Die Kathedrale von Peking erlebt jeden Sonntag einen Ansturm von Gläubigen, von dem Kirchen in Europa nur träumen können. Dicht gedrängt stehen die Christen in der großen Kirche. Überall ist es das gleiche Bild in der Volksrepublik: Katholische und protestantische Gotteshäuser, buddhistische Tempel und muslimische Moscheen erleben einen Boom wie nie zuvor. Die Zahl der Gläubigen im Reich der Mitte steigt immer mehr, sehr zur Sorge des staatlichen Amtes für religiöse Fragen, das sich bemüht, das neue Interesse der chinesischen Staatsbürger an Religion zu lenken und zu kanalisieren. Denn die Kommunistische Partei, die Jahrzehnte lang den Atheismus beschwor und noch während der Kulturrevolution Ende der 60- er Jahre Kirchen und buddhistische Tempel als Tierställe missbrauchen ließ, fürchtet angesichts von mehr als 100.000 religiösen Stätten in China, ihr Machtmonopol und die Kontrolle über die Bevölkerung zu verlieren.

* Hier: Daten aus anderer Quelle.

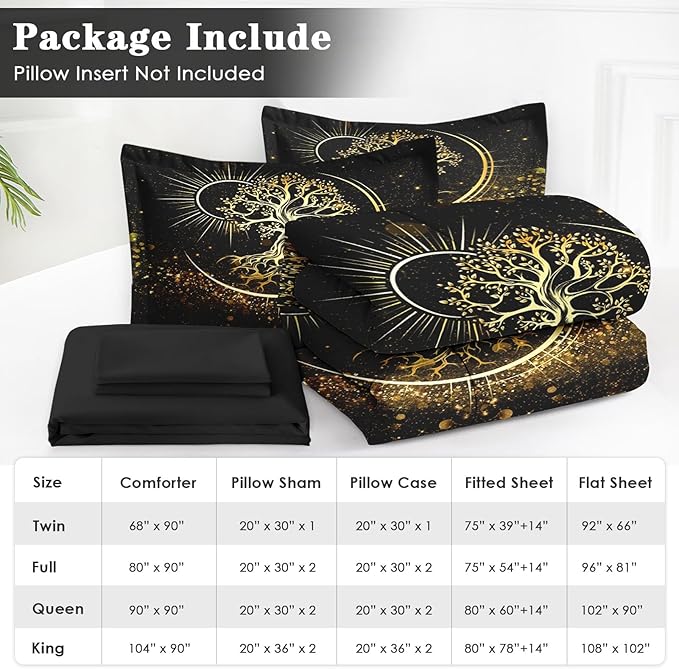 5 Pcs Twin Size Comforter Set with Pillowcase & Sham, Black Sun and Moon Bedding for Kids and Adults, Nature Tree of Life Bed in a Bag with Flat Fitted Sheet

Ganz unbegründet scheint diese Sorge nicht zu sein, selbst wenn keine der Religionsgemeinschaften öffentlich die Herrschaft der Kommunistischen Partei in Frage stellt. Doch den Kampf um die Herzen der Menschen hat die Partei schon lange verloren, da sie weder ethische Werte noch Lebenskonzepte oder Antworten auf Fragen der heutigen Zeit bietet. So strömen viele Menschen, die Orientierung suchen, in die Kirchen, Tempel und Moscheen. Die Partei hält ihre Mitglieder bis heute zum Atheismus an.

Schätzungen chinesischer Wissenschaftler gehen aufgrund jüngster Meinungsumfragen davon aus, dass sich rund 350 Millionen Chinesen heute als religiös bezeichnen. Rund 110 Millionen Menschen sollen demzufolge Protestanten und 20Millionen Katholiken sein, 20 Millionen sind Muslime und 200 Millionen bezeichnen sich als Buddhisten oder Taoisten. Das ist ein Viertel der Bevölkerung und für einen Staat, in dem Religion nicht offiziell gefördert oder seit Jahrzehnten ein Bestandteil des öffentlichen Lebens ist, eine beachtliche Zahl. Offiziell bemüht sich Chinas Regierung noch, die Zahlen herunterzuspielen, wenn sie von nur 100 Millionen Gläubigen spricht. Doch auch dies ändert nichts daran, dass der Glauben im Alltag in China eine immer größere Rolle spielt.

Dabei steht es nicht gut um die Religionsfreiheit in der Volksrepublik. Sie wird zwar in der Verfassung grundsätzlich garantiert. Doch dieser Schutz gilt gemäß den "Regelungen für religiöse Angelegenheiten", die zahlreiche Einschränkungen des Grundrechts enthalten, nur für offiziell registrierte Glaubensgemeinschaften. So sind die "Katholische Patriotische Vereinigung" und der protestantische "Chinesische Christen Rat" anerkannt, doch die meisten Christen haben sich den nicht offiziell registrierten protestantischen "Hauskirchen" oder der Katholischen Kirche angeschlossen. Der Vatikan bemüht sich um eine Verbesserung seiner Beziehungen zur chinesischen Führung und Papst Benedikt sagte deshalb sogar im Dezember 2007 einen Empfang des Dalai Lama ab, doch regelmäßig kommt es wegen der eigenmächtigen Ernennung von Bischöfen durch Chinas Behörden zu Streit zwischen Peking und dem Vatikan. Ungeachtet der zur Schau getragenen Bemühungen um eine Entspannung des Verhältnisses zu den christlichen Kirchen hält die Repression gegen Bischöfe, Priester und Gläubige weiter an.